Perhaps they didn’t make snow angels the way humans did—but they left their marks all the same. Proof of presence. Proof of play. Proof that life moved through even the fiercest weather, leaving fleeting signatures behind.
Soon the angel would vanish. So would the tracks. But for now, they shared the same moment, the same white breath of the world.
As Liam turned back toward the warmth of the wee cottage, the blizzard howled on—but something gentle remained behind. Not the angel itself, but the knowing that beauty does not resist the storm.
It dances with it.
* * * * * * * * * *
Although the temperatures are mild for January, the cold still carries a certain authority. Darkness presses close outside the window, while inside the wee cottage, lamplight and warmth hold steady. The contrast brings a deep sense of contentment—of peace earned, not assumed.
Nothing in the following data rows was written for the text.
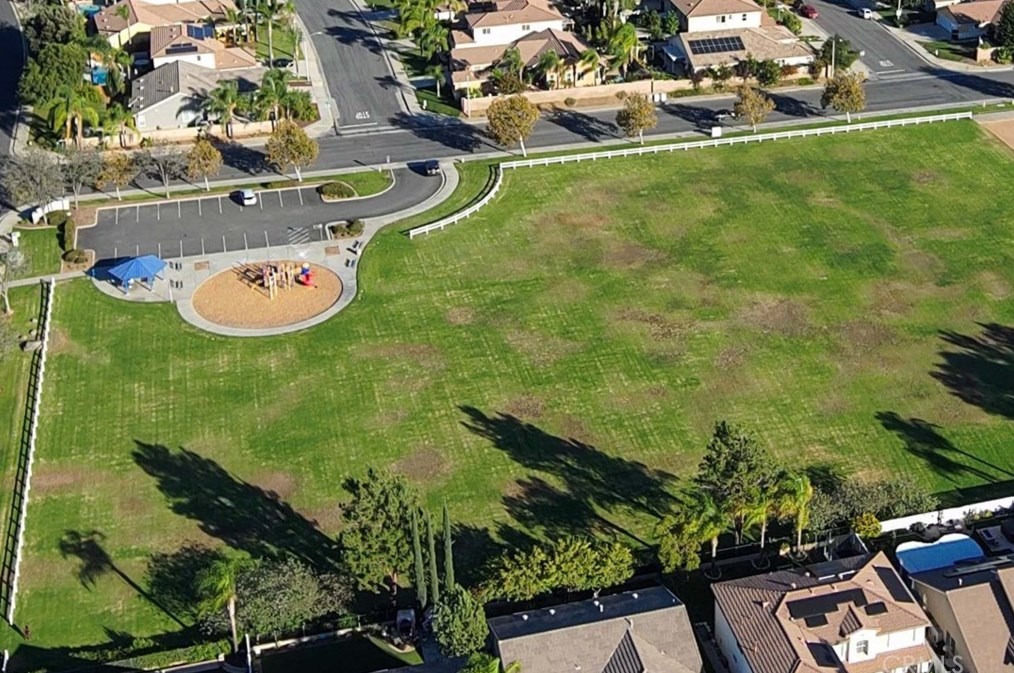 37758 Cresta Del Reyo, Murrieta CA  92563-6708 exterior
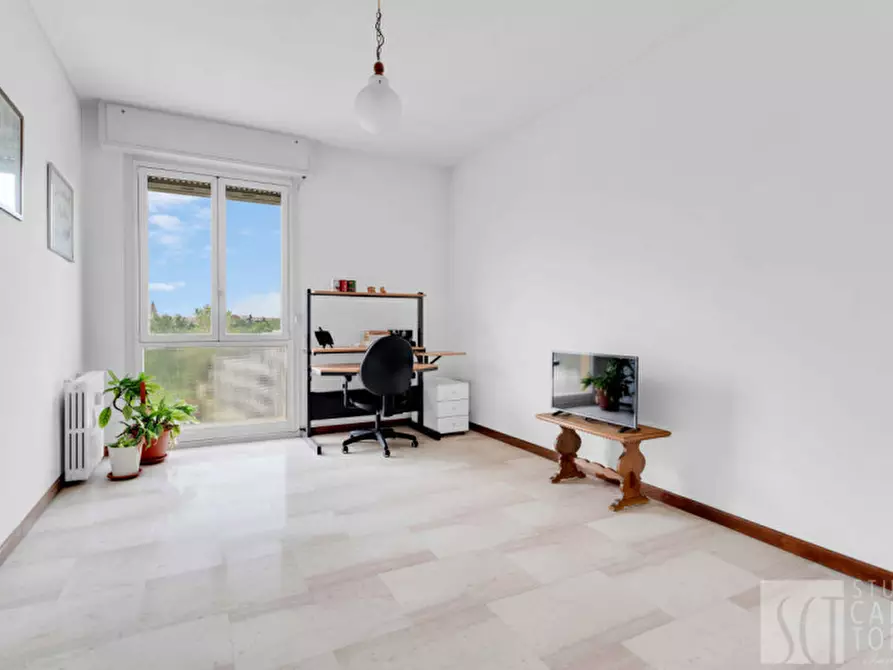 Immagine 12 di Appartamento in vendita  in via ovada, 25 a Milano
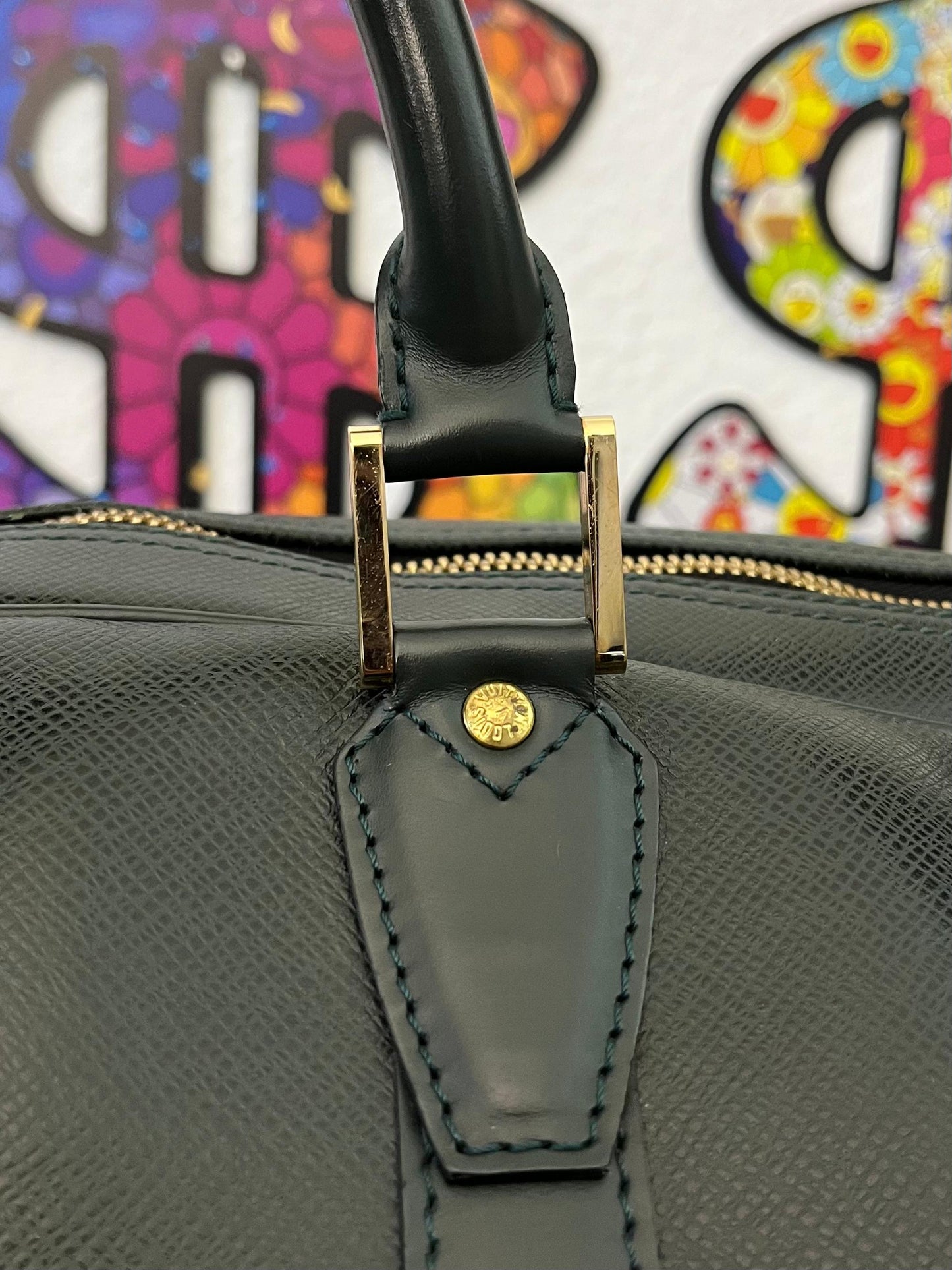 Louis Vuitton Kendall GM Taiga Leder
An Albinoni oboe concerto drifts through the room, its notes slow and tender, as if aware of the snow falling beyond the glass. I think of blizzards and snow angels, of how poetry often gathers there—where power meets playfulness.
Poems about snow angels speak of fleeting joy and lasting memory, of storms that erase and moments that endure. Snow becomes a lover, a guide, a sacred canvas—briefly bearing witness to something made with no intention of permanence. Snow Angels by Poetic T comes to mind: a wish pressed into the earth, held for a moment, then transformed.
And then my thoughts drift to a line I read yesterday, from Dr. Wayne Dyer:
“You can make your life into a grand ever-evolving work of art. The key is in your thoughts, the wondrous, invisible part of you that is your spiritual soul.”
Isn’t that what the snow angel is?
An act not meant to last—yet meaningful because it was made.
A gesture shaped by joy, not outcome.
A creation born of the soul, however briefly it remains visible.
May this moment, this day, this life be a grand ever-evolving work of art.
Not perfect. Not permanent.
But sincere. Playful. True.
And so, with coffee warm in hand and snow whispering outside the window, I begin this wonderful day.